* WORK REQUEST: An exact transcription of all the data is required.

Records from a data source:

# # # #

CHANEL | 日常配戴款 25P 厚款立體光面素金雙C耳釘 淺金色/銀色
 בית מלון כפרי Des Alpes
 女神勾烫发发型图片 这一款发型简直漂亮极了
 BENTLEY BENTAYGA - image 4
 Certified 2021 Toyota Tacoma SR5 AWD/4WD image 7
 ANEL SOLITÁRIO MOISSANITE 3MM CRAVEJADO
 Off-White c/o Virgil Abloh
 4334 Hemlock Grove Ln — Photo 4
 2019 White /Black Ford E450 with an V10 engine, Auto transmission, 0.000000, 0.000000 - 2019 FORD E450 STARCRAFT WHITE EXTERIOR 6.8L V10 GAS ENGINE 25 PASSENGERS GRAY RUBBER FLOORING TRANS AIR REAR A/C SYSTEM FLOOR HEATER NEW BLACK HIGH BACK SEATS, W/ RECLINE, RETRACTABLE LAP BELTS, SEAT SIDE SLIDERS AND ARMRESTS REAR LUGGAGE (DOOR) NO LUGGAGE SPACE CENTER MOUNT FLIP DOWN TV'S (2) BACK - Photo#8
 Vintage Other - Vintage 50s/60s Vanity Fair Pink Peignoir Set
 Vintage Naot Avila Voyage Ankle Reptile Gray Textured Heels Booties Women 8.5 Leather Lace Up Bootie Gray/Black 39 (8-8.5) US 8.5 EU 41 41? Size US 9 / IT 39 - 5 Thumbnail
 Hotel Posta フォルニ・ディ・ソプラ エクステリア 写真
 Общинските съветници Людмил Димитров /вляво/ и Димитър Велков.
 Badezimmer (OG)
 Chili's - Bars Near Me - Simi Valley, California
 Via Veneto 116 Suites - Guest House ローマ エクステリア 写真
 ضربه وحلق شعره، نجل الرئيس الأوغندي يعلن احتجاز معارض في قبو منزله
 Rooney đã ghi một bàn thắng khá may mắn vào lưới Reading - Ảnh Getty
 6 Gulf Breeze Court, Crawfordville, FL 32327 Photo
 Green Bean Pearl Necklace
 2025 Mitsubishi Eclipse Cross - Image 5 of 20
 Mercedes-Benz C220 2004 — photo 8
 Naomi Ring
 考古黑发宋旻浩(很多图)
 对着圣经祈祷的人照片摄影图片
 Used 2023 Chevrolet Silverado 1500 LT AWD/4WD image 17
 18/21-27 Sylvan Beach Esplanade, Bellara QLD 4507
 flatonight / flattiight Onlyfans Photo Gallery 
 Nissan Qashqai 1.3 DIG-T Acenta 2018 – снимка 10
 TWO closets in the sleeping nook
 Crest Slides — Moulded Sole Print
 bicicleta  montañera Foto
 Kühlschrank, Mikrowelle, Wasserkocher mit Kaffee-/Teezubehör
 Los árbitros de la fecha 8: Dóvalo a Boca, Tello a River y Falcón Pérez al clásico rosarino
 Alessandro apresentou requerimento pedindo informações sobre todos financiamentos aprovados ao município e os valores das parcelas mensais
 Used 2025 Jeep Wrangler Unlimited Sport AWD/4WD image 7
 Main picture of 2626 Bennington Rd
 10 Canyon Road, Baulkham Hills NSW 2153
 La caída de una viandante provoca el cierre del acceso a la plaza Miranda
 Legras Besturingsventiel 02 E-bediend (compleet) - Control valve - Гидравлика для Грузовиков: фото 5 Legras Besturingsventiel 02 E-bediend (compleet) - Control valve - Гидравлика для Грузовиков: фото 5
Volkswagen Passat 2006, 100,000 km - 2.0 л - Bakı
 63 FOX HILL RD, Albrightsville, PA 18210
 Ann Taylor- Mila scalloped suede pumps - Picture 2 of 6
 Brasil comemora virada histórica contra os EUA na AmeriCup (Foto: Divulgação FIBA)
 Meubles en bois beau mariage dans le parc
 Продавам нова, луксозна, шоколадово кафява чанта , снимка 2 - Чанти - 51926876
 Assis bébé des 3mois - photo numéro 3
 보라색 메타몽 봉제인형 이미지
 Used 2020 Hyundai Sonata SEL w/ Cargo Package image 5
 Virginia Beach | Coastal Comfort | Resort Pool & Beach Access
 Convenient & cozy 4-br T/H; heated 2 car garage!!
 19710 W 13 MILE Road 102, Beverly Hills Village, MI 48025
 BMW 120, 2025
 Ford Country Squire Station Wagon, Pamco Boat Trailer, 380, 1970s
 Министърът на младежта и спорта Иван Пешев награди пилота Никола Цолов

# # # #

* RESPONSE AREA:
CHANEL | 日常配戴款 25P 厚款立體光面素金雙C耳釘 淺金色/銀色
 בית מלון כפרי Des Alpes
 女神勾烫发发型图片 这一款发型简直漂亮极了
 BENTLEY BENTAYGA - image 4
 Certified 2021 Toyota Tacoma SR5 AWD/4WD image 7
 ANEL SOLITÁRIO MOISSANITE 3MM CRAVEJADO
 Off-White c/o Virgil Abloh
 4334 Hemlock Grove Ln — Photo 4
 2019 White /Black Ford E450 with an V10 engine, Auto transmission, 0.000000, 0.000000 - 2019 FORD E450 STARCRAFT WHITE EXTERIOR 6.8L V10 GAS ENGINE 25 PASSENGERS GRAY RUBBER FLOORING TRANS AIR REAR A/C SYSTEM FLOOR HEATER NEW BLACK HIGH BACK SEATS, W/ RECLINE, RETRACTABLE LAP BELTS, SEAT SIDE SLIDERS AND ARMRESTS REAR LUGGAGE (DOOR) NO LUGGAGE SPACE CENTER MOUNT FLIP DOWN TV'S (2) BACK - Photo#8
 Vintage Other - Vintage 50s/60s Vanity Fair Pink Peignoir Set
 Vintage Naot Avila Voyage Ankle Reptile Gray Textured Heels Booties Women 8.5 Leather Lace Up Bootie Gray/Black 39 (8-8.5) US 8.5 EU 41 41? Size US 9 / IT 39 - 5 Thumbnail
 Hotel Posta フォルニ・ディ・ソプラ エクステリア 写真
 Общинските съветници Людмил Димитров /вляво/ и Димитър Велков.
 Badezimmer (OG)
 Chili's - Bars Near Me - Simi Valley, California
 Via Veneto 116 Suites - Guest House ローマ エクステリア 写真
 ضربه وحلق شعره، نجل الرئيس الأوغندي يعلن احتجاز معارض في قبو منزله
 Rooney đã ghi một bàn thắng khá may mắn vào lưới Reading - Ảnh Getty
 6 Gulf Breeze Court, Crawfordville, FL 32327 Photo
 Green Bean Pearl Necklace
 2025 Mitsubishi Eclipse Cross - Image 5 of 20
 Mercedes-Benz C220 2004 — photo 8
 Naomi Ring
 考古黑发宋旻浩(很多图)
 对着圣经祈祷的人照片摄影图片
 Used 2023 Chevrolet Silverado 1500 LT AWD/4WD image 17
 18/21-27 Sylvan Beach Esplanade, Bellara QLD 4507
 flatonight / flattiight Onlyfans Photo Gallery 
 Nissan Qashqai 1.3 DIG-T Acenta 2018 – снимка 10
 TWO closets in the sleeping nook
 Crest Slides — Moulded Sole Print
 bicicleta  montañera Foto
 Kühlschrank, Mikrowelle, Wasserkocher mit Kaffee-/Teezubehör
 Los árbitros de la fecha 8: Dóvalo a Boca, Tello a River y Falcón Pérez al clásico rosarino
 Alessandro apresentou requerimento pedindo informações sobre todos financiamentos aprovados ao município e os valores das parcelas mensais
 Used 2025 Jeep Wrangler Unlimited Sport AWD/4WD image 7
 Main picture of 2626 Bennington Rd
 10 Canyon Road, Baulkham Hills NSW 2153
 La caída de una viandante provoca el cierre del acceso a la plaza Miranda
 Legras Besturingsventiel 02 E-bediend (compleet) - Control valve - Гидравлика для Грузовиков: фото 5 Legras Besturingsventiel 02 E-bediend (compleet) - Control valve - Гидравлика для Грузовиков: фото 5
Volkswagen Passat 2006, 100,000 km - 2.0 л - Bakı
 63 FOX HILL RD, Albrightsville, PA 18210
 Ann Taylor- Mila scalloped suede pumps - Picture 2 of 6
 Brasil comemora virada histórica contra os EUA na AmeriCup (Foto: Divulgação FIBA)
 Meubles en bois beau mariage dans le parc
 Продавам нова, луксозна, шоколадово кафява чанта , снимка 2 - Чанти - 51926876
 Assis bébé des 3mois - photo numéro 3
 보라색 메타몽 봉제인형 이미지
 Used 2020 Hyundai Sonata SEL w/ Cargo Package image 5
 Virginia Beach | Coastal Comfort | Resort Pool & Beach Access
 Convenient & cozy 4-br T/H; heated 2 car garage!!
 19710 W 13 MILE Road 102, Beverly Hills Village, MI 48025
 BMW 120, 2025
 Ford Country Squire Station Wagon, Pamco Boat Trailer, 380, 1970s
 Министърът на младежта и спорта Иван Пешев награди пилота Никола Цолов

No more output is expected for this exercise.